FRANCAVILLA. Il pontone si rompe e i lavori per la ricarica delle scogliere si fermano. L'ultima beffa per i balneatori francavillesi è arrivata giovedì pomeriggio, quando il mezzo della ditta...
FRANCAVILLA. Il pontone si rompe e i lavori per la ricarica delle scogliere si fermano. L'ultima beffa per i balneatori francavillesi è arrivata giovedì pomeriggio, quando il mezzo della ditta Tenaglia utilizzato per trasportare le tremila tonnellate di roccia da posizionare a difesa della costa è andato fuori uso a causa di un problema meccanico, rendendo impossibile la prosecuzione dei lavori. I primi ad accorgersene sono stati i diretti interessati, non vedendolo in azione ieri mattina. Da quello che risulta, l'ultimo intervento di ricarica è avvenuto sulle scogliere davanti allo stabilimento Lido Bianco, nel pomeriggio di giovedì. Da quel momento, è stato costretto a far rientro ai box. I motivi che ne hanno determinato la rottura non sono ancora chiari, ma quel che è certo è che senza il pontone l'ultimo tratto che arriva fino al confine con Pescara non può ricevere i massi per ricaricare le scogliere. Il mezzo, dopo mesi di attesa, era entrato in funzione nel pomeriggio di lunedì, iniziando il lavoro di posizionamento del materiale roccioso. L'intervento è andato avanti per tre giorni, fin quando non si è verificato l'intoppo. Un guaio che rischia di avere conseguenze più importanti rispetto al semplice ritardo nella conclusione dei lavori: questo perché il completamento dell'opera a difesa della costa deve concludersi tassativamente entro il 30 di giugno. Oltre, per legge, non si può andare, trovandoci in piena stagione balneare.
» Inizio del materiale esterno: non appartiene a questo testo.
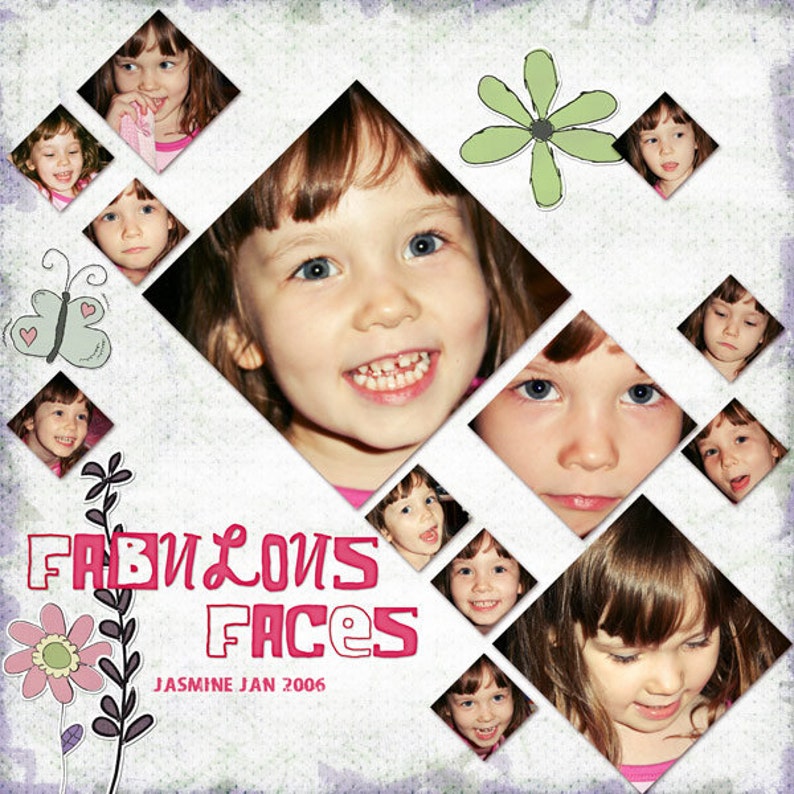 May include: A collage of photos of a young girl's face, with the text "Fab'n'Lous Faces" and "Jasmine Jan 2006" in pink and white lettering. The collage is decorated with a butterfly and a flower.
In base alla tabella di marcia, per finire il lavoro iniziato lunedì occorrono almeno altri quattro giorni. Ciò significa che il tempo a disposizione c'è ancora, ma a questo punto tutto dipende da quanto occorrerà per riparare il mezzo. Se non si riuscirà a chiudere entro fine mese, con ogni probabilità se ne riparlerà a settembre. Ed è probabile che bisognerà far passare la stagione balneare anche per proseguire nei lavori di ripascimento sommerso, iniziati a Francavilla il mese scorso ma poi sospesi dopo lo sversamento dei primi camion di sabbia. In quel caso a determinare lo stop era stata una schiumetta bianca affiorata in superficie, che aveva allarmato gli addetti ai lavori, facendo temere che la sabbia utilizzata non fosse idonea. Proprio per questo i tecnici hanno deciso di fermarsi, in attesa di ulteriori analisi. Nel frattempo, lunedì dovrebbero iniziare i lavori di escavo al porto turistico di Pescara, da dove Francavilla potrebbe attingere almeno 5mila metri cubi di sabbia da utilizzare per il ripascimento. Anche in questo caso, però, considerato che il periodo di stop ai lavori arriva tra dieci giorni, è praticamente certo che gli stessi vengano rimandati a fine estate, quando i bagnanti saranno andati via e le spiagge liberate da palme e ombrelloni.